Born in Shanghai in 1933, Kao came to Hong Kong as a teenager, and went on to lay the groundwork for the development of modern communications with his seminal work on fibre optics. He is also remembered in the city as an educator, having served as vice-chancellor of Chinese University for nine years starting in 1987.

The Google doodle depicting physicist Charles Kao on Thursday. Photo: Google
In 2002, Kao was diagnosed with Alzheimer’s disease, and in 2010, he founded the Charles K Kao Foundation for Alzheimer’s Disease along with his wife, Gwen Kao Wong May-wan.
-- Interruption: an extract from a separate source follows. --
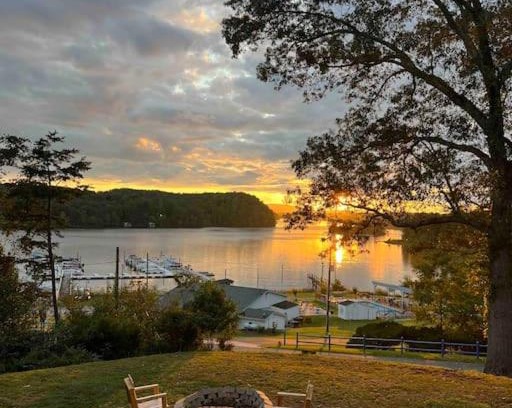Staunton River House | Heron’s Cove on Leesville Lake.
After a long battle with the disease, Kao died in September of 2018.

“We’re very happy that Google chose to honour the professor,” said Vincent Chan, the general manager of the foundation, which shared the illustration on its Facebook page.

“His smile was always warm, gentle and comforting, and he was very down to earth as the vice-chancellor, always willing to listen to students,” Chan said. “I hope people can take inspiration from him and face both good times and bad with a smile.”

Google doodles, as the homepage illustrations are known, usually commemorate special people and events, with recent subjects including the Singaporean artist Georgette Chen and Mexico’s Day of the Dead celebrations.

Chan said he hoped Thursday’s doodle would make Kao more widely known everywhere.

Charles Kao is photographed with fibre optic wires in 1991. Photo: SCMP

“These days, all our electronics are wireless, so it’s easy to forget that there are miles of undersea fibre optics cables connecting us all,” he said.

A short note by Google on Kao’s achievements pointed to his “groundbreaking paper in 1966 that proposed fibres fabricated with purified glass could carry a gigahertz (1 billion hertz) of information over long distances using lasers”.

The internet giant also wished Kao a happy birthday, adding: “thank you for using every fibre of your being to make the world a more connected place!”